* _Brief descriptive captions_
:::::

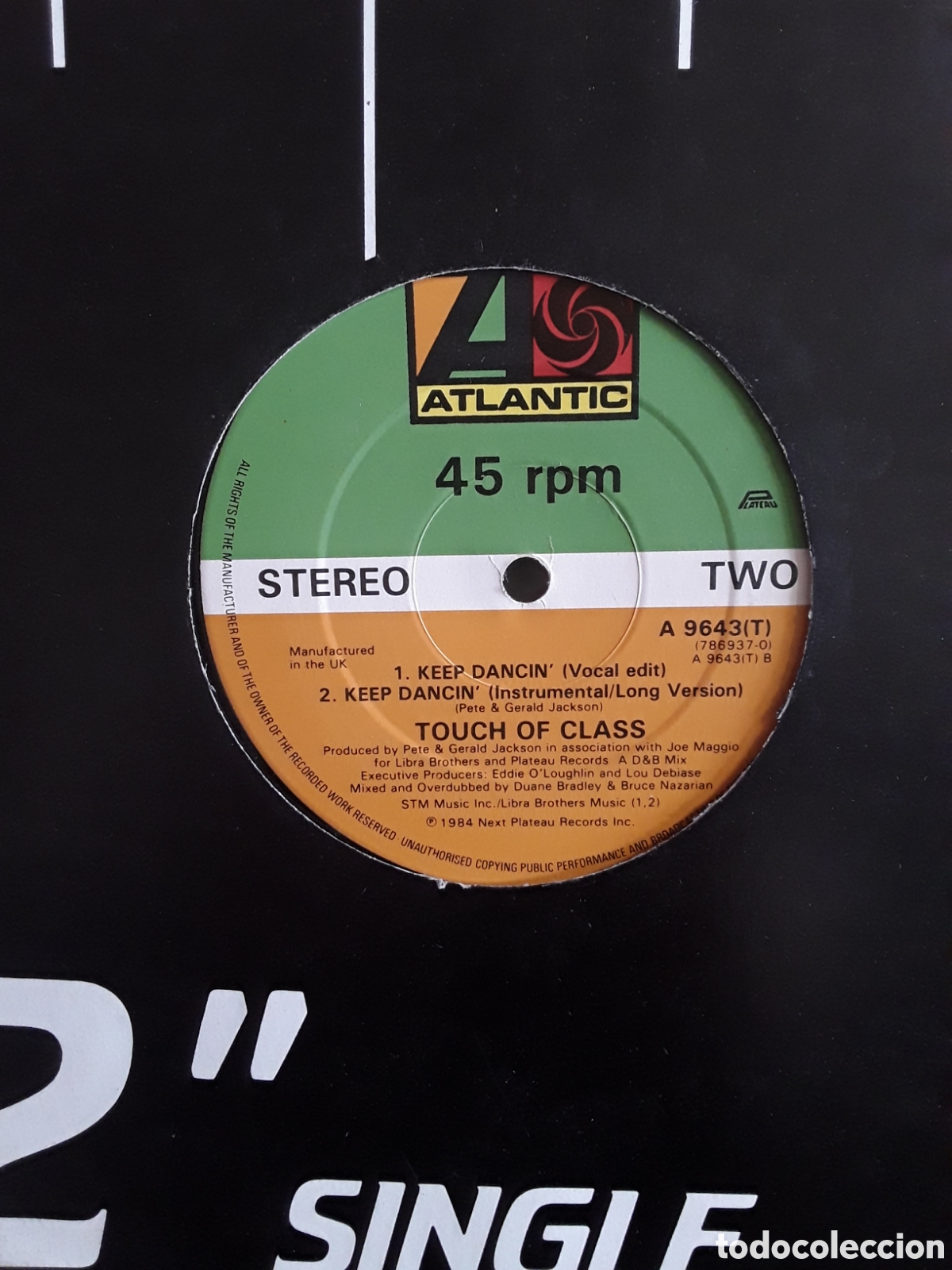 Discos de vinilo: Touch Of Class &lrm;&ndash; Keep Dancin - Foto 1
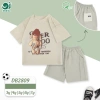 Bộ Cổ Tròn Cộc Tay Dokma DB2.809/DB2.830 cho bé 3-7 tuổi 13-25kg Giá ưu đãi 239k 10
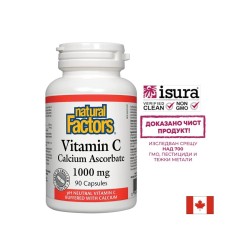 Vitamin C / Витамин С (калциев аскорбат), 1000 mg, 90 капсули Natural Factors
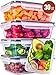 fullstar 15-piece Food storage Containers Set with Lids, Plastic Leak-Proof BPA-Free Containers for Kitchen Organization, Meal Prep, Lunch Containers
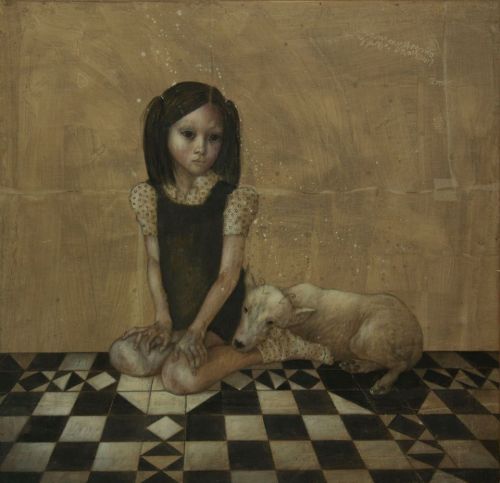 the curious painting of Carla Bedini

:::::

* _What the task asks_
An answer containing only the lines from the one holding "Bộ Cổ Tròn Cộc" through the close of the entries above, reproduced exactly and stripped of pictures, is expected.

* _Result for this exercise_
 Bộ Cổ Tròn Cộc Tay Dokma DB2.809/DB2.830 cho bé 3-7 tuổi 13-25kg Giá ưu đãi 239k 10
 Vitamin C / Витамин С (калциев аскорбат), 1000 mg, 90 капсули Natural Factors
 fullstar 15-piece Food storage Containers Set with Lids, Plastic Leak-Proof BPA-Free Containers for Kitchen Organization, Meal Prep, Lunch Containers
 the curious painting of Carla Bedini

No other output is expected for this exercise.